Good luck and don't give up!!
"To swear off mistakes is very easy, all you have to do is swear off having ideas" - Leo Burnett
I am most definitely in the same boat as you. I have three children, 10, 9, & 6 and I work full time and I am a full time grad student. I am so exhausted the thought of working out stresses me out, but I found that I know our puppy will sleep better at night if I walk him so we go for a mile long walk and I take the kids. This became a priority so I could sleep better. Maybe use your crockpot in the morning so when you get home at night you have a little free time to throw in a work out video. Do exercises at your desk at work. You tube ideas for that.
Fitness Minutes: (107,791)
6/18/14 6:27 A
some ideas - you can go for a walk around the field while your daughter is at softball. As a piano teacher, consider having in home lessons to free up 30 min. You should never be cooking separate meals for yourself, everyone needs to be eating the same healthy food. If you have a set menu for the days of the week (pasta night, chicken night, etc) it makes meal planning a snap..once you have the basic menu in the rotation, choose meals based on the sales, it literally takes me 5-10 minutes once I figure out what to eat. I also assume that you have a break sometime at work, go for a walk then.

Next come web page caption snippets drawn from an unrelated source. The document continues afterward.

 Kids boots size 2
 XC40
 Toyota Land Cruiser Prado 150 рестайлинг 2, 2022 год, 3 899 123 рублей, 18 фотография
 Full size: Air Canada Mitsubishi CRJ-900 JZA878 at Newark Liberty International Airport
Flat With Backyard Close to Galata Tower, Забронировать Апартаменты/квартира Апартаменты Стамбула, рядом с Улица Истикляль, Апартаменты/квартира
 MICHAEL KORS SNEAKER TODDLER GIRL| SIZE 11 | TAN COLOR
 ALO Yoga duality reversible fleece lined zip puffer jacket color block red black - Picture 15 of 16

“Sometimes the moments that challenge us the most, define us.” - Deena Kastor
I am SO discouraged! I am a working mom of three, Kendal- 7, Kara- 5, Jake- 7mos. I do not get home until 5:30 in the evenings, and I don't ever sit down until I put my head on the pillow at night, most nights that is between 10:30 and midnight. My husband helps as much as he can, but he works crazy hours where he gets up at 3 a.m. for work and I sometimes have no clue what time he will get home, could be 2 p.m., could be 5 or 6. When he does get home, he is exhausted, and he goes to bed at 9 p.m. to get back up and do it all over again. Anyway, when I get home, I have to fix supper and tend to the kids, clean up, and try to fit any cleaning, laundry etc. in between there. Both of which I am never caught up on and completely overwhelmed with. Everyone is usually tucked in bed by 9:30 p.m. and then I go back to cleaning and laundry, and packing the kids up for the next day, until I'm exhausted and can't physically do it anymore. My alarm goes off at 6:30 a.m. to start my day all over again. My oldest daughter plays softball, and usually has games 2 nights per week and my other daughter takes piano lessons once per week. I really struggle finding any kind of balance in my life, and then trying to add working out in on top of it just seems unfathomable. I don't know how to do it. I've tried to set my alarm to get up at 6 a.m., but after going to bed at midnight, I just can't drag myself out of bed to do it. I've also tried getting my workout in after all my chores at night once everyone goes to bed, and I can feel my body shutting down as I'm trying to workout. I'm so disgusted. I've tried every pill, diet plan, shake, etc. out there on the market. Phentermine I have found to work wonders, but my doc is hesitant to give it to me anymore because she doesn't like the effects it can have, although I've never had any. Most recently I've tried the 21 day fix and I LOVED it, but again, I struggled with finding the time for the meal planning, and then getting my workout in on top of it. Plus, it's so difficult to make meals for myself and then make something else for everyone else. :-(
What can I do??? I'm so frustrated!!!!!!!!!!!! Please help!